# Why are some parents so cruel?



## Childrenareawesome (Mar 30, 2017)

Sorry to bother anyone. But please read this and respond. I honestly feel slightly depressed. I'm autistic and I have autism. I don't have any children and I probably never will because I basically behave like a 5 year old. I'm not joking and I know it's hard to believe with my reading and writing skills. I'm good on the computer and I can read very well. But I still play with toys and my favourite thing to do is watch cartoons and I get super excited a lot. And my Mom looks after me. Anyway I absolutely love children and I could never hurt a child. Never. Please read this. I need some help.

Nearly every parenting question on a certain forum site that is really popular (I don't want to say the name in case it's against the rules) seems to be about spanking. I used to believe in spanking as a child but now I am 100% completely against spanking. I Hate Spanking. I have never been spanked my my parents but my grandmother on my dad's site has spanked me as a child a few times. But my parents don't believe in spanking. Though my Mom can be a little rough at times (dragging her kids by there arm really strictly) but she's never hit me or my brother.

Any way a few years ago I thought a spanking was just a little smack on the bottom. And after reading what I have read online I feel heartbroken. I have read that some parents Spank there kids with a switch until there bottom is bleeding with cuts. That's sick and disgusting and breaks my heart. How can a parent spank until there child's bottom is bleeding. It's cruel. Can't they see how there own little sweet heart is crying and howling in pain? How can anyone be that heartless. Anyway Reading these stories has made me depressed. and Sad. And heart broken.

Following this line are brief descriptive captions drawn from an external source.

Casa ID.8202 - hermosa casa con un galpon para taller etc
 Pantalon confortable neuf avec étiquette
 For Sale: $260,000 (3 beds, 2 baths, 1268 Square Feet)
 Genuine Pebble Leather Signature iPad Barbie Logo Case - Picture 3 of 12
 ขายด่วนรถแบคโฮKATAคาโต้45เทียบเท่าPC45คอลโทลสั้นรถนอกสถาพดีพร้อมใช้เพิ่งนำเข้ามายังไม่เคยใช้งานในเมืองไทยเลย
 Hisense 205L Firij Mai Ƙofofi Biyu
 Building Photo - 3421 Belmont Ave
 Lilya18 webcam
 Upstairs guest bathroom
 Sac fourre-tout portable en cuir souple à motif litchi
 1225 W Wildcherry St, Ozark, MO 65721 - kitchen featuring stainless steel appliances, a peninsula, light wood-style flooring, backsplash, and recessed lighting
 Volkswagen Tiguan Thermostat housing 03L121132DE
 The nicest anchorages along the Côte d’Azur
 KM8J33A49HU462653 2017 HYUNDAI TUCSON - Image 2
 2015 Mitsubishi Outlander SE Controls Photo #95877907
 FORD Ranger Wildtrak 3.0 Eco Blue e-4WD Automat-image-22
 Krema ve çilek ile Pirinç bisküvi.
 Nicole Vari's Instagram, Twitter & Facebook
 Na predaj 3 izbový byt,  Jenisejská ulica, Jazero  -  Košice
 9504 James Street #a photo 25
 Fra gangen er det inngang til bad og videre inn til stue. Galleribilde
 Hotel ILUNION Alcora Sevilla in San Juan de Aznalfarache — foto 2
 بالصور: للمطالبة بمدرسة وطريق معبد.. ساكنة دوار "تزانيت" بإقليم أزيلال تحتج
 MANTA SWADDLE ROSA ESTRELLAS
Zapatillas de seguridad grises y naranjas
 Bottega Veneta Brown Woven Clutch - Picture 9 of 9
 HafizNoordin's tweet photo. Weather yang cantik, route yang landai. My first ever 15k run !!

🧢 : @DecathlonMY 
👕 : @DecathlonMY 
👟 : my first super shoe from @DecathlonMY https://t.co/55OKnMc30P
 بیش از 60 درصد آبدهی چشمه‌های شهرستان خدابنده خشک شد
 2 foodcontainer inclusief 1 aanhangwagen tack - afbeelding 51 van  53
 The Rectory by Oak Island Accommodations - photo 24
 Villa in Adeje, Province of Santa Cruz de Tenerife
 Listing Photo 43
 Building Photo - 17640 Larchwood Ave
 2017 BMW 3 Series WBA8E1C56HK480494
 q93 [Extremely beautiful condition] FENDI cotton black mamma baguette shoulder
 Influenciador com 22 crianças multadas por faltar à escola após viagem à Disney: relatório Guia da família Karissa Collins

I thought a spanking was nothing but 1 smack on a bottom. Which is wrong too but I never thought that parents hit there kids with belts and switches and hurt children like that. I can't post any links as it's my first question but I've read a few stories about children being spanked with a switch until there bottom is bleeding. It's horrible and wrong. *Starts to cry*.

It breaks my heart into pieces. Also please remember I'm autistic and I'm not a parent. Although I ADORE children and kids make me happy and I LOVE playing with children and I believe that nothing in this world is more special than children. There imagination is awesome.

I know I shouldn't read these stories if they are going 2 upset me but I'm crazy and just read them anyway and then I start crying. It breaks my heart. I think I read them just to find answers in the comments section from people who don't believe in spanking because I believe not everyone can be that heartless. But there are hardly anyone defending the kids. I AM SO HAPPY TO FIND A SITE LIKE THIS. I mostly play with my toys or watch cartoons. I also love gymnastics and chocolate and of course kids . My Mom doesn't know that I'm depressed. But I definitely don't believe in spanking and I know it is wrong. I Could never harm a child and I think even a little spank is child abuse now. And I'm a very childlike person and my family says I think like a 5 year old so please don't be strict on me. Child abuse breaks my heart. By the way You are all awesome and lovely and special.

Please hug and kiss your kids and spoil them with love and play with them and treasure them and I'm sorry if I shouldn't post this. Sorry :C


----------